The idea is to employ a model to learn the performance of the learning algorithm of interest on unseen data combinations (i.e. subsets of the dataset). The method was originally described in Wang, Tianhao, Yu Yang, and Ruoxi Jia. Improving Cooperative Game Theory-Based Data Valuation via Data Utility Learning. arXiv, 2022.

Warning: Work on Data Utility Learning is preliminary. It remains to be seen when or whether it can be put effectively into application. For this further testing and benchmarking are required.

Recall the definition of Shapley value \(v_u(i)\) for data point \(i\):

\[\begin{equation} v_u(i) = \frac{1}{n} \sum_{S \subseteq N \setminus \{i\}} \binom{n-1}{|S|}^{-1} [u(S \cup \{i\}) − u(S)] , \tag{1} \label{eq:shapley-def} \end{equation}\]

where \(N\) is the set of all indices in the training set and \(u\) is the utility.

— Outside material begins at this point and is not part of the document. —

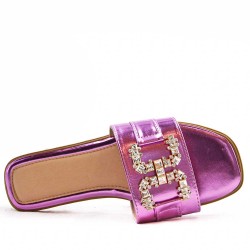 Faux leather slide for women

In Data Utility Learning, to avoid the exponential cost of computing this sum, one learns a surrogate model for \(u\). We start by sampling so-called utility samples to form a training set \(S_\mathrm{train}\) for our utility model. Each utility sample is a tuple consisting of a subset of indices \(S_j\) in the dataset and its utility \(u(S_j)\):

\[\mathcal{S}_\mathrm{train} = \{(S_j, u(S_j): j = 1 , ..., m_\mathrm{train}\}\]

where \(m_\mathrm{train}\) denotes the training budget for the learned utility function.

The subsets are then transformed into boolean vectors \(\phi\) in which a \(1\) at index \(k\) means that the \(k\)-th sample of the dataset is present in the subset:

\[S_j \mapsto \phi_j \in \{ 0, 1 \}^{N}\]

We fit a regression model \(\tilde{u}\), called data utility model, on the transformed utility samples \(\phi (\mathcal{S}_\mathrm{train}) := \{(\phi(S_j), u(S_j): j = 1 , ..., m_\mathrm{train}\}\) and use it to predict instead of computing the utility for any \(S_j \notin \mathcal{S}_\mathrm{train}\). We abuse notation and identify \(\tilde{u}\) with the composition \(\tilde{u} \circ \phi : N \rightarrow \mathbb{R}\).

The main assumption is that it is much faster to fit and use \(\tilde{u}\) than it is to compute \(u\) and that for most \(i\), \(v_\tilde{u}(i) \approx v_u(i)\) in some sense.

Setup¶

We begin by importing the main libraries and setting some defaults.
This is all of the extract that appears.